Le parole di Thiago: “Sono felice, parlandone con la mia famiglia ci è sembrata subito una buona realtà, di buon livello e bene organizzata e soprattutto che ha un’attenzione particolare nei confronti di noi giovani. Sono certo che sarà per me un’esperienza che mi farà crescere sia come giocatore sia come persona. Il basket per me è tutto, ho iniziato fin da piccolo grazie a mio padre e vorrei diventare proprio come lui, seguendo le sue orme. Ho voglia di giocare, in Argentina ho fatto un buon campionato, anche se avevo voglia di misurarmi con una realtà di più alto livello e sono contento di essere qui”. E continua: “Diciamo che passare dai 30 gradi e il sole a temperature sotto lo zero non è stato il massimo; tornando seri, non vedo l’ora di poter giocare, al momento mi sto allenando e mi trovo molto bene, farò il possibile per dare tutto il mio contributo alla squadra”.

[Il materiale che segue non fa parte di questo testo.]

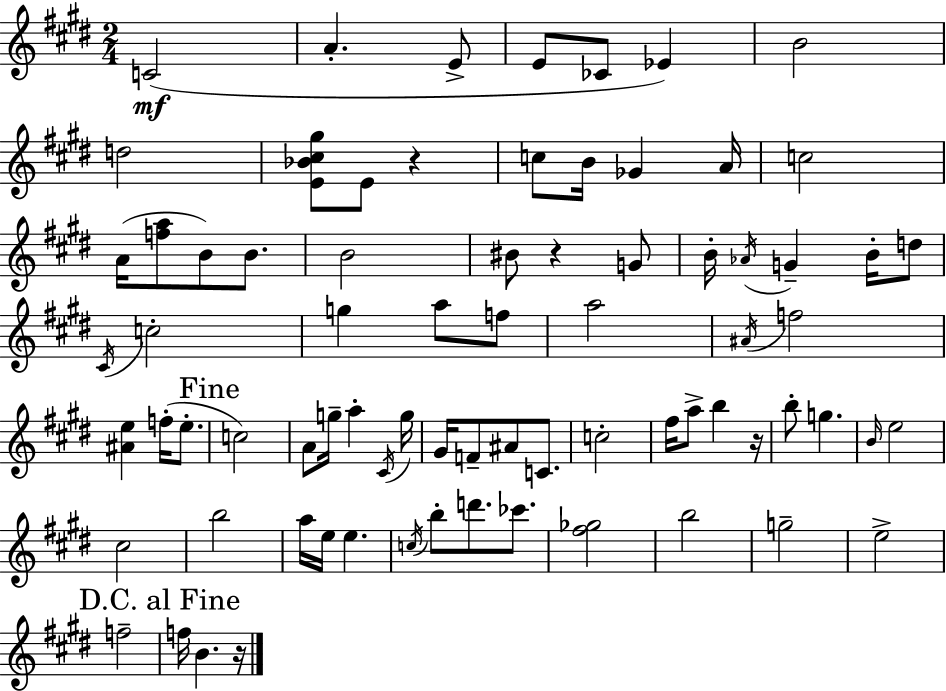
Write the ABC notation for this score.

X:1
T:Untitled
M:2/4
L:1/4
K:E
C2 A E/2 E/2 _C/2 _E B2 d2 [E_B^c^g]/2 E/2 z c/2 B/4 _G A/4 c2 A/4 [fa]/2 B/2 B/2 B2 ^B/2 z G/2 B/4 _A/4 G B/4 d/2 ^C/4 c2 g a/2 f/2 a2 ^A/4 f2 [^Ae] f/4 e/2 c2 A/2 g/4 a ^C/4 g/4 ^G/4 F/2 ^A/2 C/2 c2 ^f/4 a/2 b z/4 b/2 g B/4 e2 ^c2 b2 a/4 e/4 e c/4 b/2 d'/2 _c'/2 [^f_g]2 b2 g2 e2 f2 f/4 B z/4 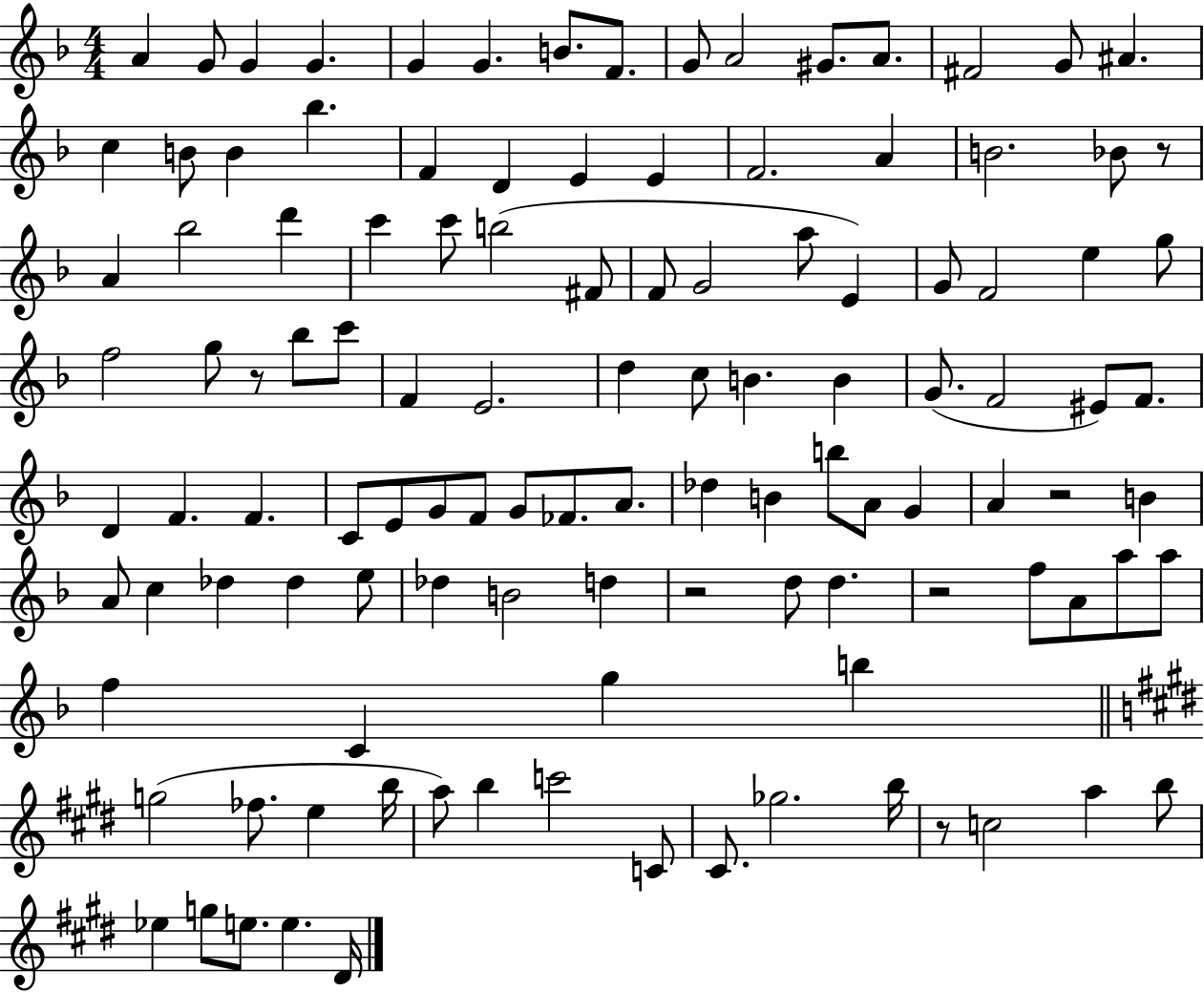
A4/q G4/e G4/q G4/q. G4/q G4/q. B4/e. F4/e. G4/e A4/h G#4/e. A4/e. F#4/h G4/e A#4/q. C5/q B4/e B4/q Bb5/q. F4/q D4/q E4/q E4/q F4/h. A4/q B4/h. Bb4/e R/e A4/q Bb5/h D6/q C6/q C6/e B5/h F#4/e F4/e G4/h A5/e E4/q G4/e F4/h E5/q G5/e F5/h G5/e R/e Bb5/e C6/e F4/q E4/h. D5/q C5/e B4/q. B4/q G4/e. F4/h EIS4/e F4/e. D4/q F4/q. F4/q. C4/e E4/e G4/e F4/e G4/e FES4/e. A4/e. Db5/q B4/q B5/e A4/e G4/q A4/q R/h B4/q A4/e C5/q Db5/q Db5/q E5/e Db5/q B4/h D5/q R/h D5/e D5/q. R/h F5/e A4/e A5/e A5/e F5/q C4/q G5/q B5/q G5/h FES5/e. E5/q B5/s A5/e B5/q C6/h C4/e C#4/e. Gb5/h. B5/s R/e C5/h A5/q B5/e Eb5/q G5/e E5/e. E5/q. D#4/s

Le parole del direttore generale Federico Ferrari: “Siamo molto contenti di poter offrire a Thiago questa opportunità di scuola e sport, sarà in foresteria con altri compagni, – commenta – eravamo in contatto con il padre, Martin, che conosciamo bene, ne abbiamo parlato e abbiamo trovato la giusta intesa. Thiago è un giocatore molto atletico, avrà un ruolo da esterno, non vediamo l’ora che sia in campo. E’ un ragazzo solare, che si è ambientato subito nel gruppo e con i compagni”.